LJ is a new-old writer. She was first published aged 12, winning several competitions (London Carmarthenshire Society Poetry Award). Life’s roadblocks, severe illness, being a carer and needing to pay bills meant getting published was low on the list. Not anymore.
Ooh I love a maraschino cherry. Not the vivid sticky candy glacé jobs people who don’t know anything about it pass off as maraschino cherries. No. I mean the dark succulence of a burgundy velvet juicy globule of joy. Dark as black tulips, rounded as rum. There is only one cherry for me.
I blame my father, thank him for teaching me the glamour of forbidden fruit, the delight of a teeny-weeny flight glass, the pleasure of sneaking a drink behind my mother’s back. For a few moments, we had a shared activity we both enjoyed: Sunday Cocktails.
I was six.
Sundays were precious time for pub maintenance, rest, recoil, springing back into action Monday morning. My father cleaned the pipes in the Cocktail Bar after the Saturday rush. I wanted to be with him because it was the only time I saw him. He was patient with me: learning about ullage and spiles and bungs and the tiny sponges on a journey through beer pipes on a mission to flush out scum. Sitting on the bar. My job to count the sponges as they popped out of the pipes while he did whatever there was to do to force them up from the cellar. Proud of my daddy and his knowledge. He was funny, sober, good fun. Really good fun.
And the names of the bottles and learning to say them properly: Amaretto, Tio Pepe, Galliano, green cocktail onions, red or white cocktail onions (we’d tried those and they didn’t quite do it for me in our version of Dry Martini-weeny.) Maraschino. When I read it, it was love. That was my cocktail garnish of choice. And he made me a dry martini, of probably lemonade, perhaps a whisper of Extra Dry, but I doubt it, a cocktail stick and the kind of wizardry only a daddy can exude.
Carefully husbanding the small V shaped glass up the thirteen-landing-plus-seven steps to our sitting room hopefully embellished ‘Lounge’ in caramel on the scumbled door. My daddy could run up the stairs two at a time. I was much more cautious.

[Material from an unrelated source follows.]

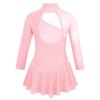 Alvivi Kids Girls Long Sleeves High Neck Figure Roller Ice Skating Mesh Dress Ballet Dance Gymnastics Leotard Tutu Skirt Pearl Pink 10-12 Years view 2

A clear, fizzing liquid swayed up the side of the glass. And there, swirling dark juice delicately from the cocktail-stick piercing, was the best part, the cherry. I was focussed. This, TV, cartoons from the Sunday papers just the other side of that door. I was concentrating so hard on not tipping it that I didn’t see her coming. Or perhaps she was lying in wait. She caught me.
And what the bloody hell d’y’think you’re doing?
Daddy gave it to me! (fear alarm wide eyes paralysis watch out for the hand oh maybe she can’t because I have a glass and it will spill) Thwack. Spilled. Cherry tumbling through the air in slo-mo in a tiny hammer-throw.
Give me that. Daddy gave it to me for Chrissake! You’re turning into a right little madam.
I crept down the stairs, seven-steps-plus-landing-plus-ten of the thirteen, to listen to them fight.